Reputation: 852
This question is kind of related to my other question Hadoop handling data skew in reducer. However, I would like to ask if there are some configuration settings available so that if say the max reducer memory is reached then spawn off a new reducer on another datanode with the remaining data in context ? Or maybe even on the same datanode so that say some x records off the context are read in the reduce method upto some limit and then the remaining are read off in a new reducer ?
Upvotes: 0
Views: 308
Reputation: 3173
It is not possible to spawn a new auxiliary reducer to balance the load on the job run.
Rather you could thing of picking another key element from your records which will help in shuffling the data even across the reducers.

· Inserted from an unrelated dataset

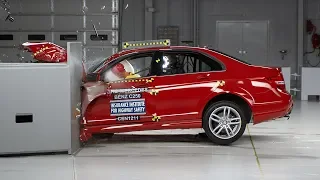 2013 Mercedes-Benz C-Class driver-side small overlap IIHS crash test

Else as a option, you could expand the existing reducer's memory settings to accommodate more shuffled records and to get the sorting/merging done quicker. Please refer the below properties,
mapreduce.reduce.memory.mb
mapreduce.reduce.java.opts
mapreduce.reduce.merge.inmem.threshold
mapreduce.reduce.shuffle.input.buffer.percent
mapreduce.reduce.shuffle.merge.percent
mapreduce.reduce.input.buffer.percent
I could remember, there was a extended mapreduce library, skewtune, written to load balance the data skew during the course of job run. But I never experimented this, kindly check if it is helpful.
Upvotes: 1
Reputation: 2221
You could try out a combiner that would reduce the work load of a single reducer handling more key,value pairs by doing a possible aggregation before it goes through to the reducer. If you are doing a join then you could try out skewed join
in Pig. It involves 2 MR jobs.In first MR it does a sampling on one input and if it finds a key which is skewed so much so that it is able to fit into memory, it splits that key into more than one reducers. For the other records than the one identified in the sample it does a default join. For the skewed input it duplicates the input and sends it to both reducers.
Upvotes: 1
Reputation: 1496
That is not possible. The number of reducers is fixed in the Driver configuration.
Upvotes: 0